General strike: Legacy of Luxembourg's resistance to the Nazis

Photo: Lex Kleren

When the sirens sounded at the door of the former Ideal leather factory in Wiltz at 11am on Thursday, and mayor Fränk Arndt, Grand Duke Henri, Prime Minister Xavier Bettel and President of the Chamber Mars Di Bartolomeo lowered their heads, it seemed the whole of Luxembourg was bowing for the victims of the general strike of 31 August 1942. 

On that day, exactly 75 years ago, leather factory workers at Ideal refused to work. They were protesting against the conscription of young Luxembourgers into the Wehrmacht armed forces, announced by Gustav Simon – the "gauleiter", or leader of the regional branch of the Nazi party – the previous day.

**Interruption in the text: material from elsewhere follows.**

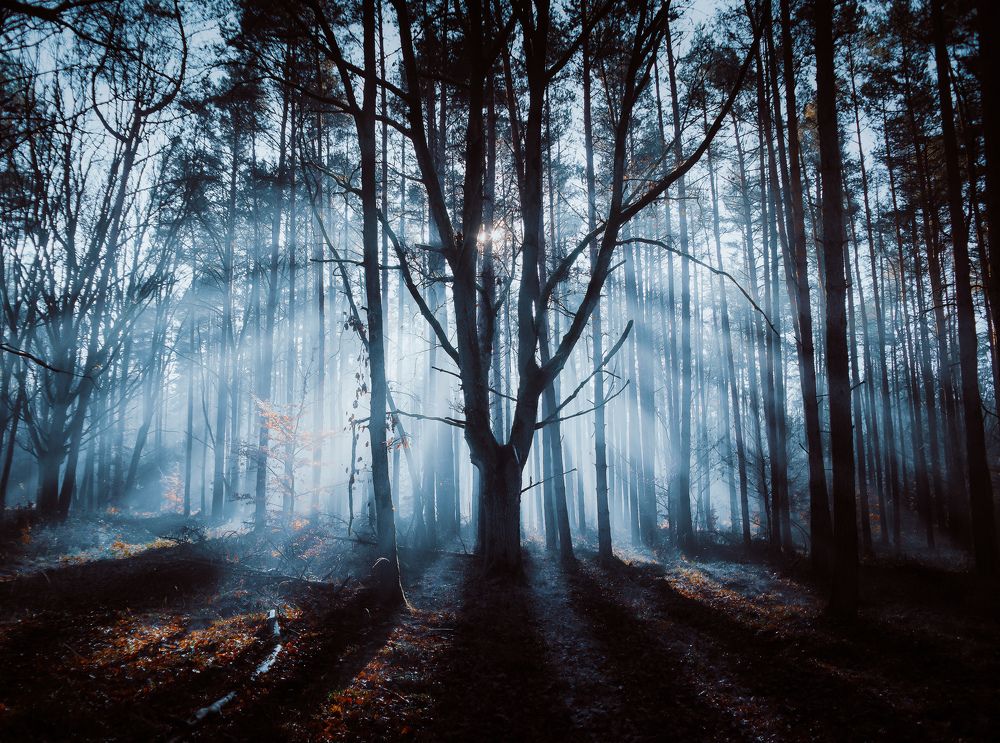 Фотография автора NIghtdream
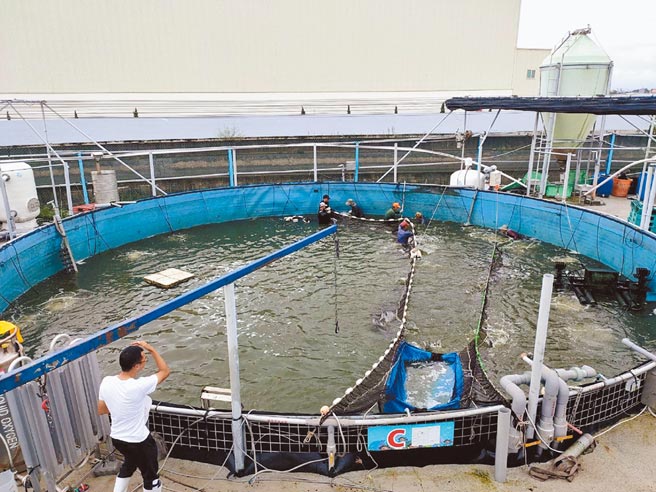 台灣鯛科技漁民3人管理22池 地方新聞 中國時報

The strike, which soon spread across the country and to the south of Luxembourg, was to become one of the most decisive events in the country's history.

A price paid

The strike was a crucial moment in the Grand-Duchy's history, and this unique form of resistance against the Nazis, in occupied Europe, soon became a symbol of Luxembourg's determination to be independent. 

But for many, the true significance of the strike – as prime minister Bettel expressed in Wiltz – is that it is likely to have prevented even more far-reaching forced recruitment of young Luxembourgers.

More picture galleries

The newly renovated strike monument commemorates the brave heroes of the past, particularly the 21 workers, including six Wiltzers, who paid with their lives for their resistance to the German occupiers.

That was the price that had to be paid so Luxembourgers could still be free today. 

A sacred duty

Wiltz's mayor and Di Bartolemeo also spoke of the "sacred duty" of remembrance.

"The events of 31 August 1942 must have a place not only in the history books but also our hearts and minds so that, even today, we still feel compelled to resist when red lines are crossed," said Di Bartolomeo. 

After honorary mayor André Biver reviewed the events of 31 August 1942, and young Luxembourgers Lisa Spinelli, Jérôme Courtoy and Christian Graser read out the names of the 21 victims of the strike, Grand Duke Henri, together with the heads of the government and parliament, representatives of numerous patriotic associations, trade unions and businesses, laid flowers at the monument. 

The Grand Duke was then led by historians Georges Büchler and Emile Lutgen through the "75 Years Strike" exhibition, organised by the city of Wiltz and the National Resistance Museum in cooperation with the local philately association. 

The exhibition can be viewed at the Reenert primary school in Wiltz until Sunday.